*** Opening Data shown ***

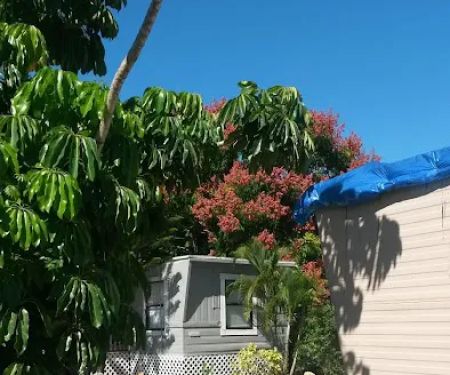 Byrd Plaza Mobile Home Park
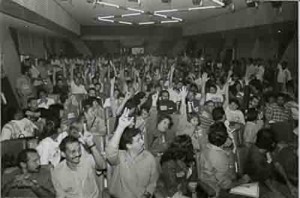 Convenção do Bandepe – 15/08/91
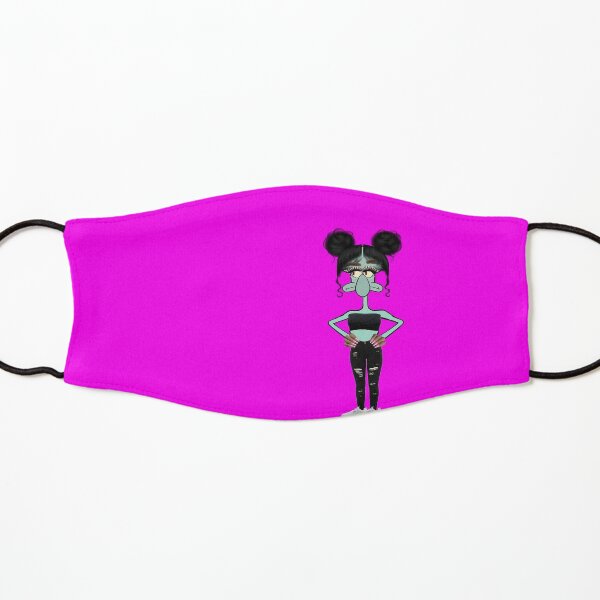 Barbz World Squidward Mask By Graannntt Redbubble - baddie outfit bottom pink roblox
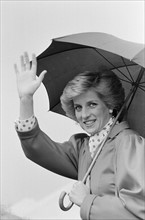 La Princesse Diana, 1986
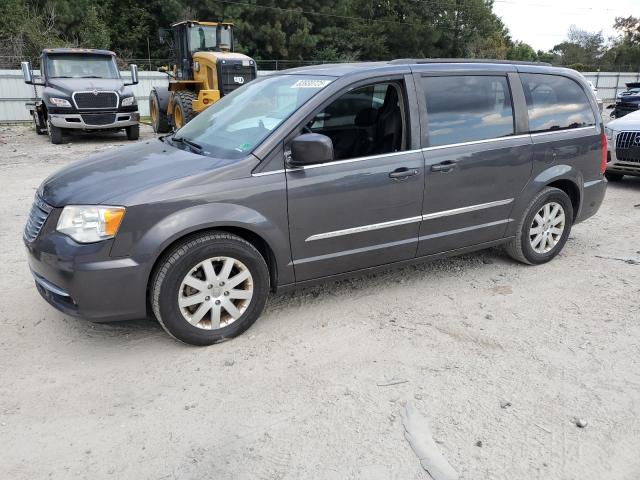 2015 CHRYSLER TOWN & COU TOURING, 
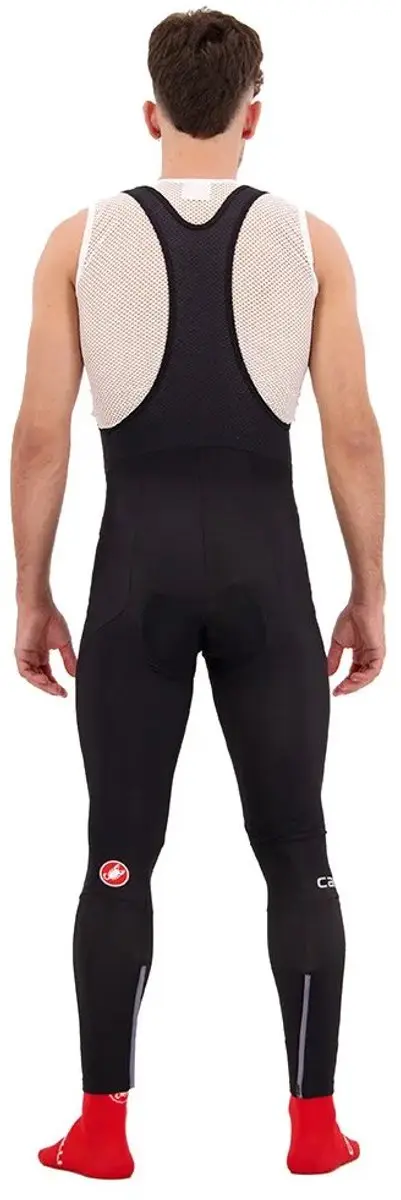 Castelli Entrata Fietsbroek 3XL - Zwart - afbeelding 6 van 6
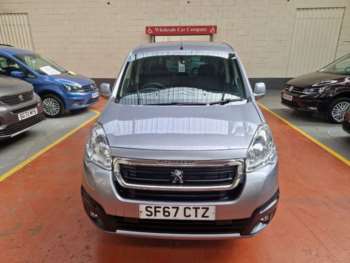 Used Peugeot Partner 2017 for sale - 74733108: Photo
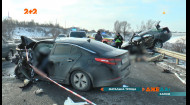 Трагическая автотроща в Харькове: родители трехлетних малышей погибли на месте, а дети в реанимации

*** Closing Data shown ***

■ **Directions**: Write the full listing out again with every line unchanged, but include no pictures.

■ **Solution**:
 Byrd Plaza Mobile Home Park
 Convenção do Bandepe – 15/08/91
 Barbz World Squidward Mask By Graannntt Redbubble - baddie outfit bottom pink roblox
 La Princesse Diana, 1986
 2015 CHRYSLER TOWN & COU TOURING, 
 Castelli Entrata Fietsbroek 3XL - Zwart - afbeelding 6 van 6
 Used Peugeot Partner 2017 for sale - 74733108: Photo
 Трагическая автотроща в Харькове: родители трехлетних малышей погибли на месте, а дети в реанимации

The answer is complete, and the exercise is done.